Her web page doesn't seem to be responding for me at the moment but I have a copy of the animation stashed away for a course I taught last year, which I've linked to above (I didn't have anything to do with the work).
posted by ngc4486 at 1:21 PM on December 6, 2012 [4 favorites]


I think you borked the link Messier87...oops I mean ngc4486 :) Surprisingly enough your moniker also has a plasma jet. Hmmmm, since you seem to be someone who would know, why do some galaxies like ngc 4486 only have one plasma jet while others like Hercules A have two?
posted by AElfwine Evenstar at 1:35 PM on December 6, 2012


And speaking of favorite pictures of galactic center I think this one would have to be my favorite. It's a composite image of x-ray, infrared, and optical light as seen here.
posted by AElfwine Evenstar at 1:43 PM on December 6, 2012


an animation showing stars orbiting the black hole at the center of the Milky Way over a period of about ten years.

When it zoomed in and traced the very recognizable orbit of a star as it shot abruptly around something that wasn't visible, it made the hair of my neck stand straight up.

Monsters exist.
posted by CynicalKnight at 2:19 PM on December 6, 2012


AElfwine Evenstar: Or, not so surprisingly. :-)

Hmm, the link works fine for me, I have no explanation. It is to an mpg, though, maybe that's causing problems?
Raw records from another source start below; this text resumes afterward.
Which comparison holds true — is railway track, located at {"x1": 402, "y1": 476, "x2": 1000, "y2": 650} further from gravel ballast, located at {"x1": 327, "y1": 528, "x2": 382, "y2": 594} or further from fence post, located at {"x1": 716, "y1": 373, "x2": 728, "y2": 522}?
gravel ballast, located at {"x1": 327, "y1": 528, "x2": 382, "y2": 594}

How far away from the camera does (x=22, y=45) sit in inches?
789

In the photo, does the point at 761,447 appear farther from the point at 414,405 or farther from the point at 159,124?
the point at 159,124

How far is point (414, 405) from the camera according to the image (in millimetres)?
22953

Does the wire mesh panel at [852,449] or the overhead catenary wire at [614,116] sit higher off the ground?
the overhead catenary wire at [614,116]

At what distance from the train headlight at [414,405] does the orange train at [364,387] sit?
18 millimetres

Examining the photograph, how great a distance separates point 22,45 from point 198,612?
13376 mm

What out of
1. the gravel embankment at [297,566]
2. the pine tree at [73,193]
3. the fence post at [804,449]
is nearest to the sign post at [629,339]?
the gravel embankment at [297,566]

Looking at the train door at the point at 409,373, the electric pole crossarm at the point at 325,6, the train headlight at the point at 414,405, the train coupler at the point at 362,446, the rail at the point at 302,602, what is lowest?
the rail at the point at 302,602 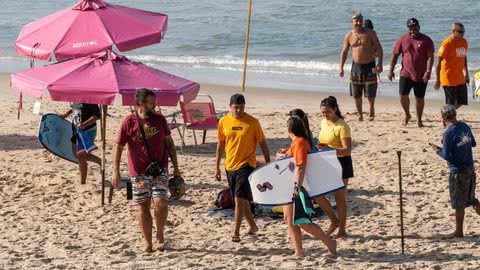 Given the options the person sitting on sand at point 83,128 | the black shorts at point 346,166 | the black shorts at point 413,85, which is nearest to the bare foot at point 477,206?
the black shorts at point 346,166

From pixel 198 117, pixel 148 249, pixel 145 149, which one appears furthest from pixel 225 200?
pixel 198 117

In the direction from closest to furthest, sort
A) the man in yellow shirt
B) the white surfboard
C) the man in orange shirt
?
the white surfboard → the man in yellow shirt → the man in orange shirt

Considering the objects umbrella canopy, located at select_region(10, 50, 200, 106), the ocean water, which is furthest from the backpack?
the ocean water

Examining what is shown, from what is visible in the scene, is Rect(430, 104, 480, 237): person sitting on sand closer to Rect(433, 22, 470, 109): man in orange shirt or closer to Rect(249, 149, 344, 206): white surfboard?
Rect(249, 149, 344, 206): white surfboard

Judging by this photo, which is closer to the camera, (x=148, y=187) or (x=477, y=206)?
(x=148, y=187)

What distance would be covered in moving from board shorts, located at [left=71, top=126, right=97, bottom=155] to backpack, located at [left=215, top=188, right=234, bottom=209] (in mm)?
1676

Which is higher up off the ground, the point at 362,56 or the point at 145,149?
the point at 362,56

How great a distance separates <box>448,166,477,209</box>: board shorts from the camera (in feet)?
30.9

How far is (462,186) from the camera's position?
9.44 m

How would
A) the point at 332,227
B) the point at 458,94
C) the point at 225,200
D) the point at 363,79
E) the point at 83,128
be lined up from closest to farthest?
the point at 332,227 → the point at 225,200 → the point at 83,128 → the point at 458,94 → the point at 363,79

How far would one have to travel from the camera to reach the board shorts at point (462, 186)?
30.9 ft

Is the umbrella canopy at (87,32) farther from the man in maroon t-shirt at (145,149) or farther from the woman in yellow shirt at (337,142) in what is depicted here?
the woman in yellow shirt at (337,142)

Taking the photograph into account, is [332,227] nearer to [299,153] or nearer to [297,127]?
[299,153]

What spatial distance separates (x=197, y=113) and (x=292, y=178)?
5.10 metres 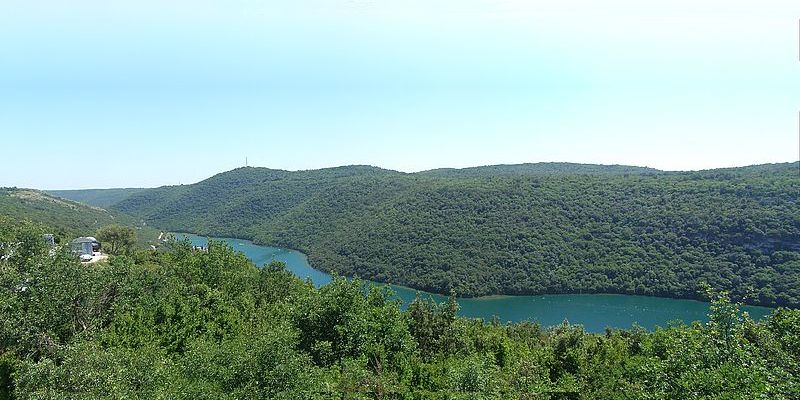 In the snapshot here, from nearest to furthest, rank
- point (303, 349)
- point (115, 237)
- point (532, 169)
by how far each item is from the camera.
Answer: point (303, 349) < point (115, 237) < point (532, 169)

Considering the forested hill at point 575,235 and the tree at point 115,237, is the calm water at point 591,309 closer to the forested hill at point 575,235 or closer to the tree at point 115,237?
the forested hill at point 575,235

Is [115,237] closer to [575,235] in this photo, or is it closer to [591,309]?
A: [591,309]

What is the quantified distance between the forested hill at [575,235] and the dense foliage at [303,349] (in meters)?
50.1

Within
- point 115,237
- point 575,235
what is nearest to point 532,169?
point 575,235

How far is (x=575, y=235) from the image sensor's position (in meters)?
82.8

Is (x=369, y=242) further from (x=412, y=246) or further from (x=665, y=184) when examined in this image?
(x=665, y=184)

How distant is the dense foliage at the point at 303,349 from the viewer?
9141mm

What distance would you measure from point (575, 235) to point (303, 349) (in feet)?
252

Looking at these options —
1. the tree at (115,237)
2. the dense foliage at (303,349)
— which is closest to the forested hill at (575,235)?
the tree at (115,237)

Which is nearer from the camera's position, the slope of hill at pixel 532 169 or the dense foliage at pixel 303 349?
the dense foliage at pixel 303 349

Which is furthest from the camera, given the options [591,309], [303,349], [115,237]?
[591,309]

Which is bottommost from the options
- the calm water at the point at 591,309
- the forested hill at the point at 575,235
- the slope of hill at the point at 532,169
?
the calm water at the point at 591,309

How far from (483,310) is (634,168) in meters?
113

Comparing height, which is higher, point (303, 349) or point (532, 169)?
point (532, 169) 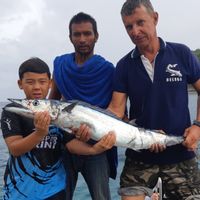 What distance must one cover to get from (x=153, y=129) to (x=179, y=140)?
33 cm

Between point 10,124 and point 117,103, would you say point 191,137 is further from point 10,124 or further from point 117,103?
point 10,124

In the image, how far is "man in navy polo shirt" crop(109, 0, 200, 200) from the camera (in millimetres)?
4773

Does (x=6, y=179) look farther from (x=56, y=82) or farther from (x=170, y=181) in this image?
(x=170, y=181)

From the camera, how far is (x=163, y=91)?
478cm

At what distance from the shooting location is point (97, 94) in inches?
194

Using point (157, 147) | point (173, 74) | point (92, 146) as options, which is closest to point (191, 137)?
point (157, 147)

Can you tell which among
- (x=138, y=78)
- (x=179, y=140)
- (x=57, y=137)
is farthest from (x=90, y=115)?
(x=179, y=140)

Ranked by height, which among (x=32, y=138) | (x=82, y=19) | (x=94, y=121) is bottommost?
(x=32, y=138)

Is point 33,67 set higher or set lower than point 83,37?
lower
The physics of how these jets are formed is very poorly known. "We're pretty sure it has something to do with magnetic fields" is a fair summary of the field at the moment, although many people are actively working on it. So it's possible that the exact state of the gas and magnetic fields very near the black hole result in a jet being launched in one direction but not the other. The other possibility is that there is a jet on the other side but it's running into a dense cloud of gas so it doesn't propagate very far and we don't see it. The latter is a bit hard to believe for M87 since there's not much dense gas in the galaxy.
posted by ngc4486 at 2:40 PM on December 6, 2012


More proof that gas cooking ranges are best. What we have here are some super civilizations equivalent of a six burner viking range. I, for one, am looking forward to the crispy, yet fluffy, omelets.
posted by bswinburn at 3:34 PM on December 6, 2012


@straight Is "hot" the right word for these plasma jets? How could a plasma jet remain hot for a million years without active fusion keeping it hot?

Hot is exactly the right word. The temperature of a region is a measure of the kinetic energy (the product of mass and velocity) of particles in that region. An electron moving near the speed of light is very hot indeed. (The mass of these relativistic electrons is also much higher than that of electrons at rest ... some may have the mass of a mosquito!)

So long as very little force acts to slow it down, then (Newton's Law), the beam of coherent electrons keeps moving fast .. stays hot. As they bump into (what the gentleman in the video calls) "ambient material" (dust & gas in space), they lose energy ... and so are cooled. Eventually they are scattered in all directions; the average speed (so average temperature) of the region falls. They also block (and so cool) more outgoing electrons. So those "bulbs" will keep expanding.
posted by Twang at 9:24 PM on December 6, 2012


Is "hot" the right word for these plasma jets? How could a plasma jet remain hot for a million years without active fusion keeping it hot?
As Twang said, hot is appropriate. It's surprisingly difficult for some things to get cold in space. You can only lose heat by radiating it away, and while everyday objects are good at doing this (as you'll note when your ears radiatively couple to the night sky on a clear night) it can be pretty difficult for astrophysical gases to do the same - you need atoms to bump into one another to get their electrons excited so that they can radiate and without that happening a lot stuff just won't get very cold. In fact although space is very cold (the microwave background being -270 Celsius, -455 Fahrenheit), most (non-dark) matter in the universe is very hot. The gas in a galaxy cluster, which is most of the non-dark matter mass of it, is at temperatures of 10 million degrees C or more.
posted by edd at 4:17 AM on December 7, 2012


Wow, thanks Twang and edd! I love learning something about astronomy that's really different from what I thought it was.